Perjalanan dari jalan raya menuju air
terjun cukup melelahkan karena kondisi jalan yang cukup buruk. Kita akan
sampai di pos pemeriksaan setelah mengarungi jalanan berbatu dengan
jurang di sisi kanan dan tebing tinggi di sisi kiri selama hampir 15
hingga 20 menit. Di pos ini terdapat fasilitas yang cukup lengkap mulai
dari parkir mobil dan motor, kamar mandi dan toilet, hingga
warung-warung penjual makanan. Sangat disayangkan kondisinya terlihat
kurang terurus dan cukup memprihatinkan.
Dari lokasi parkir, pengunjung masih
harus melanjutkan perjalanan dengan kaki melewati sungai untuk mencapai
air terjun. Sebenarnya pengelola sudah menyediakan jalan yang cukup
bagus, namun di beberapa tempat jalanan sudah rusak karena tertimbun
longsor ataupun mengalami longsor. Keadaan ini memaksa para pengunjung
untuk menggunakan jalur alternatif yang melewati sungai dengan bebatuan
yang cukup licin.
Di tengah perjalanan kita dapat
menyaksikan pipa-pipa yang menyalurkan air ke lokasi parkir dan mungkin
juga rumah-rumah penduduk di sekitar lokasi Madakaripura. saya juga
sempat terkecoh demi melihat air terjun mini dalam perjalanan menuju
lokasi. Ternyata penderitaan belum berakhir, kaki masih harus melangkah
cukup jauh untuk sampai di lokasi air terjun utama.
Tepat di pintu masuk Air Terjun
Madakaripura, kita akan kembali menjumpai beberapa warung. Di sini
selain bisa membeli makanan kecil untuk mengganjal perut yang kelaparan,
kita juga bisa menyewa payung. Saya tidak tahu berapa harga sewanya
karena saat itu tidak ada niat sama sekali untuk menggunakan payung.

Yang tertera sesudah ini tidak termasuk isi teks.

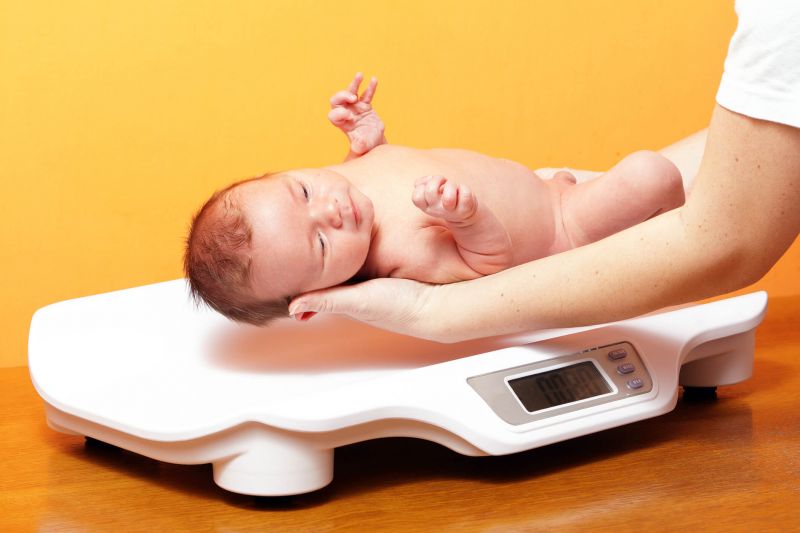 انخفاض وزن الطفل عند الولادة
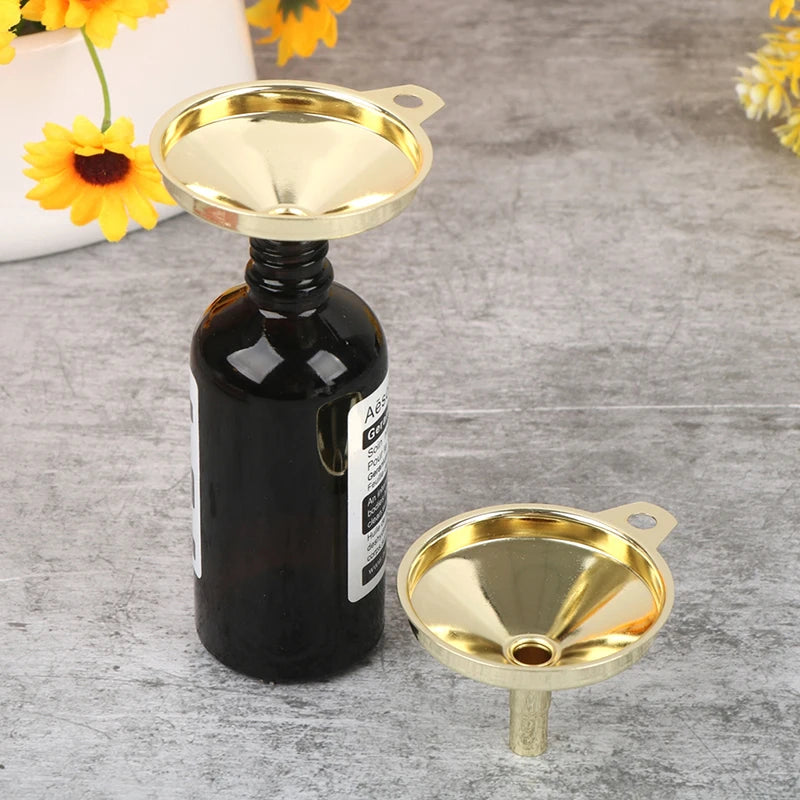 Gold Stainless Steel Kitchen Funnel – Oil & Liquid Dispenser Kitchen Funnel Nixie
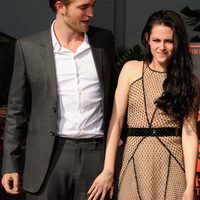 Robert Pattinson y Kristen Stewart sonríen en el Teatro Chino de Los Angeles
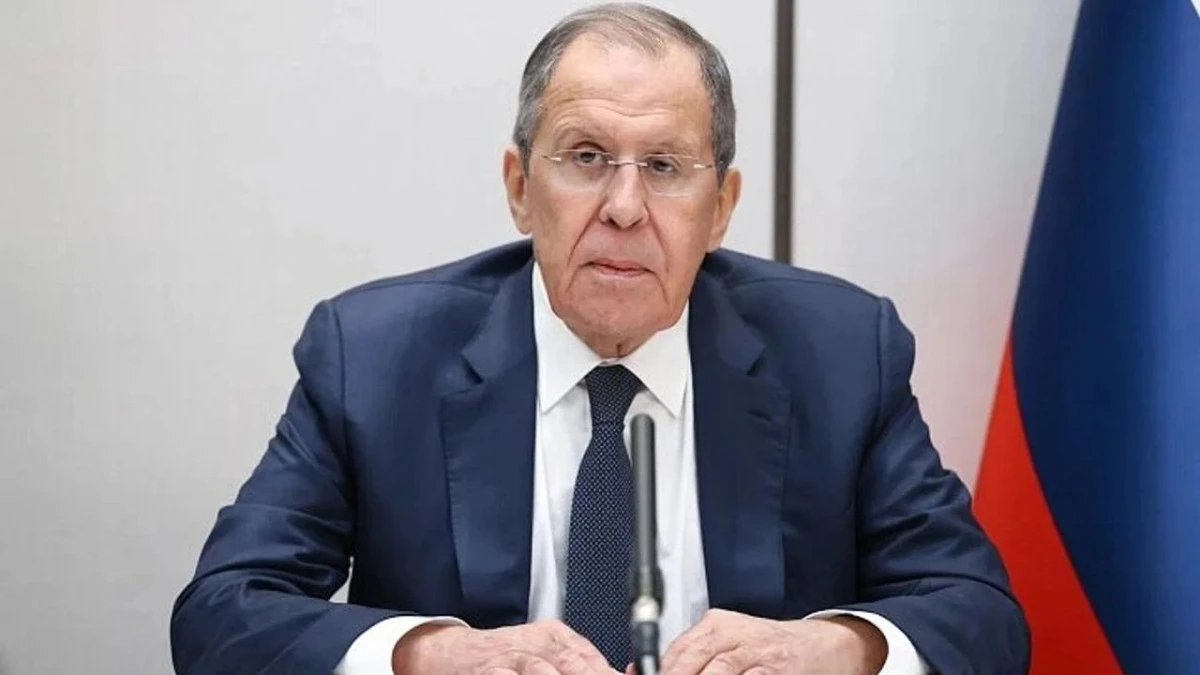 Lavrov: Avrupa savaş kararı alırsa buna hazırız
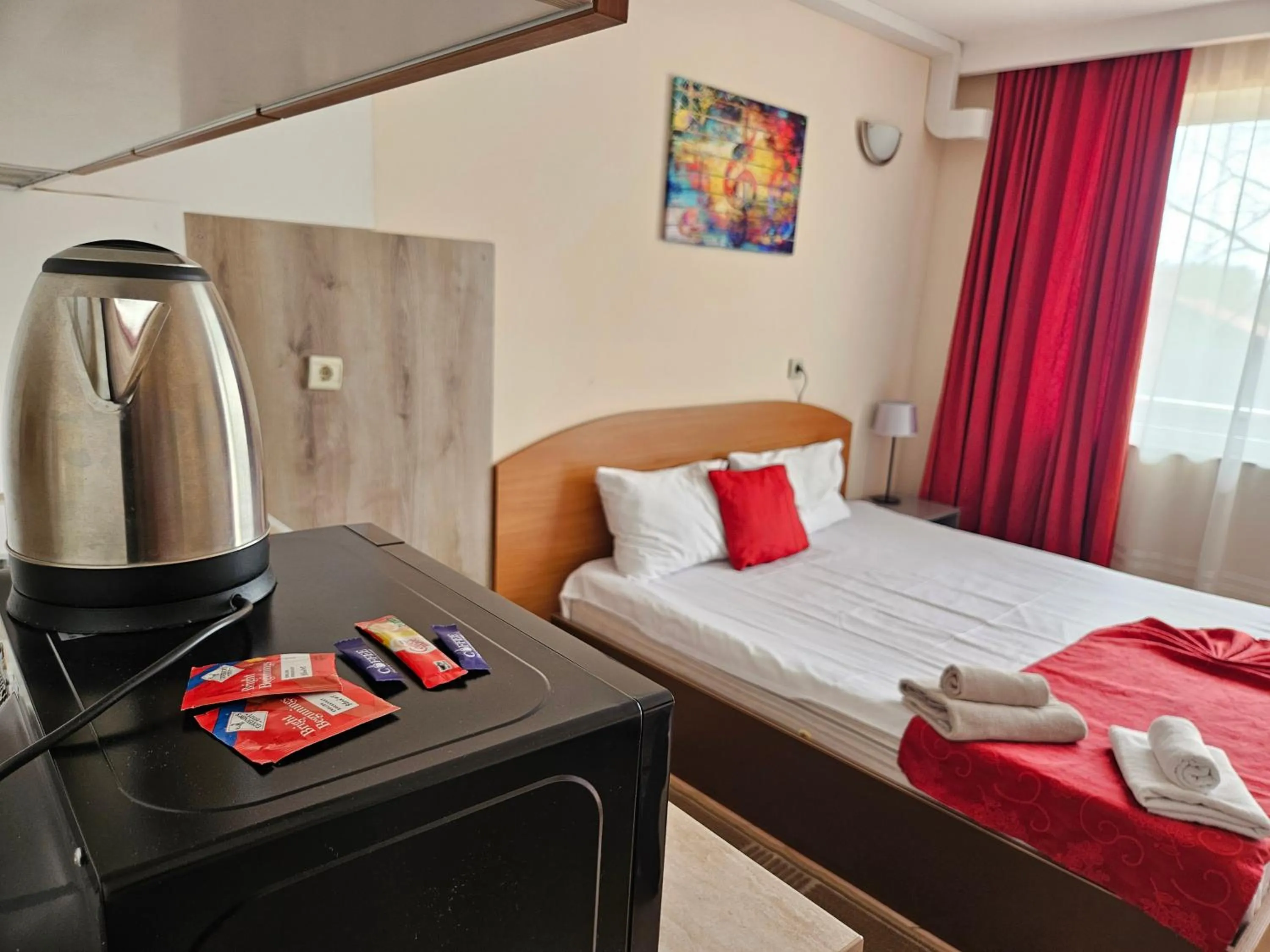 Bedroom, Bed in Paralax Hotel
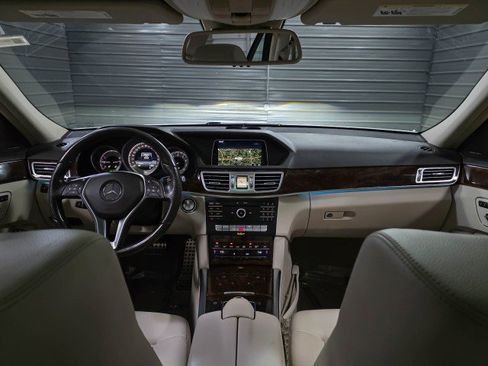 Used 2016 Mercedes-Benz E 350 4MATIC Wagon image 14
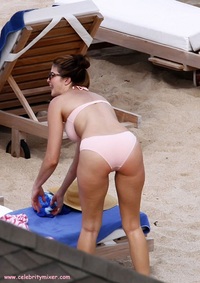 sexy mature bikinis stephanie seymour bikini cougar ass celebrity best pictures
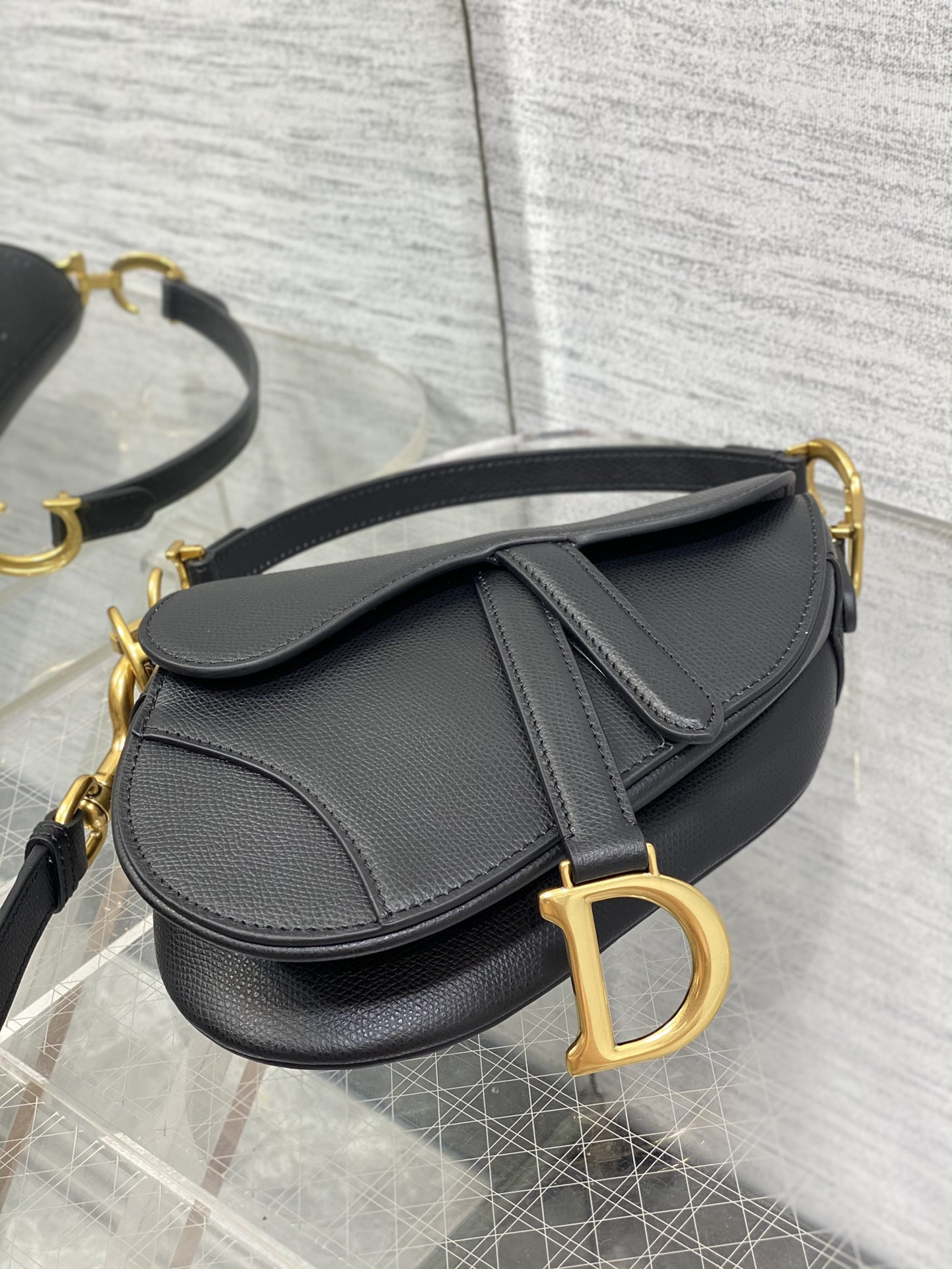 D10r Small Saddle Bag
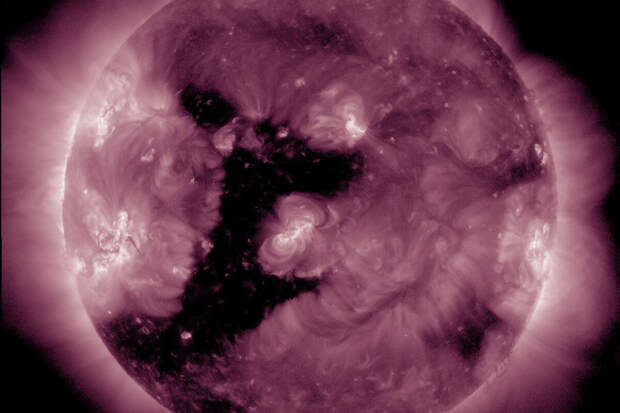 ИКИ РАН: влияние корональной дыры на Землю будет слабым
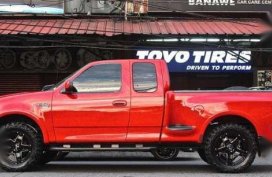 Ford F-150 4x4 AT Red Picjkup For Sale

Jika tidak berniat basah-basahan, sebaiknya pertimbangkan untuk menyewa
payung ini untuk melindungi diri dari air yang mengucur dari tebing
seperti rintik-rintik hujan.
Ketika pertama kali ke sini, kita akan
dibuat terkagum-kagum demi melihat air terjun yang mengalir di antara
dua dinding tebing bebatuan. Tebing-tebing ini seolah berusaha mencegah
sinar matahari menembus ke bawah. Suasana menjadi temaram, ada kesan
magis yang terasa ketika kita berada di antara dua tebing menjulang dan
air selembut kapas yang berjatuhan. Suasana yang sangat tenang dihiasi
suara air juga menambah suasana syahdu. Mereka yang sedang galau pasti
akan sangat menyukai tempat ini.
Beberapa cerita di blog-blog backpacker
menceritakan kejutan-kejutan yang mungkin kita jumpai di tempat ini.
Misalnya saja anak-anak yang akan mencuci kendaraan yang sedang diparkir
meskipun kita tidak memintanya. Beberapa mengatakan mereka akan meminta
tarif seikhlasnya. Lalu ada lagi cerita tentang guide yang
awalnya menawarkan jasa suka rela, namun akan meminta bayaran yang
berkisar dari Rp. 20K hingga Rp. 100K. Jadi kalau berniat menggunakan
jasa para guide ini, sebaiknya buat kesepakatan di awal
mengenai bayarannya. Saya cukup beruntung tidak mendapatkan dua kejutan
ini saat berkunjung ke Air Terjun Madakaripura.